This is what I'm wondering. I've also never worried about perfect balance...especially if the extra weight is in the handle vs. the tip. But I've never fished a short light rod with a heavy reel so don't know. Good to know 8.5oz works for you. 

Backwater and AdamsProject - Thanks also for the line advice. I use 8 wt Rio Redfish on the flats and it's great. Bass Bug looks like a great quick shooting taper for the mangrove jungle. I'll give that a go. The original Sage 290g line is coming with my rod. I know it's weight forward, but haven't found the exact taper descriptions.

Anyone else have experience with a heavier reel on the Sage Smallmouth rod?


----------



## mightyrime (Jul 18, 2016)

i use either a smaller islander reel or just an old school click and pawl. I dont really overthink this rod. Just pound the shore line with it and have fun... any 7wt sized reel will work.

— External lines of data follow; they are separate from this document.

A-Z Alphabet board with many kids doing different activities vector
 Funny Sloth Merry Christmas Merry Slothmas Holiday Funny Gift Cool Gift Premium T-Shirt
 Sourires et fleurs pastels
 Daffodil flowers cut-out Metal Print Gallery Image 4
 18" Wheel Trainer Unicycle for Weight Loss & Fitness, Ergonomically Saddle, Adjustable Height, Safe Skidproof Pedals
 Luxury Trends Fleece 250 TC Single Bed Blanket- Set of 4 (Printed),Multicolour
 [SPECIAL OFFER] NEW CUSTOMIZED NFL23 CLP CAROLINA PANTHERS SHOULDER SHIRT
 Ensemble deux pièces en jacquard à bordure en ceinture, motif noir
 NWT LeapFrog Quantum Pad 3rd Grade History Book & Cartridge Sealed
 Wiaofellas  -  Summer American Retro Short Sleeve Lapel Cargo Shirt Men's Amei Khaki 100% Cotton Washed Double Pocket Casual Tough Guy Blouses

Another line for it that my buddy uses is the new rio jungle line.


----------



## Tbenson (Apr 17, 2016)

Thanks Mighty - good input. I've decided to keep the reel size down too. I need a strong drag and going with the hydros SL IV for now. I like the looks of the Backcountry wide that Adamsproject mentioned. Maybe later. 

I often fish alone and when hooked into a big snook back in the jungle use one hand to control the boat and the other to keep the fish out of the mangroves. Anyone who's done this knows it's pretty exciting!! A lot can go wrong so I'm planning my battles.


----------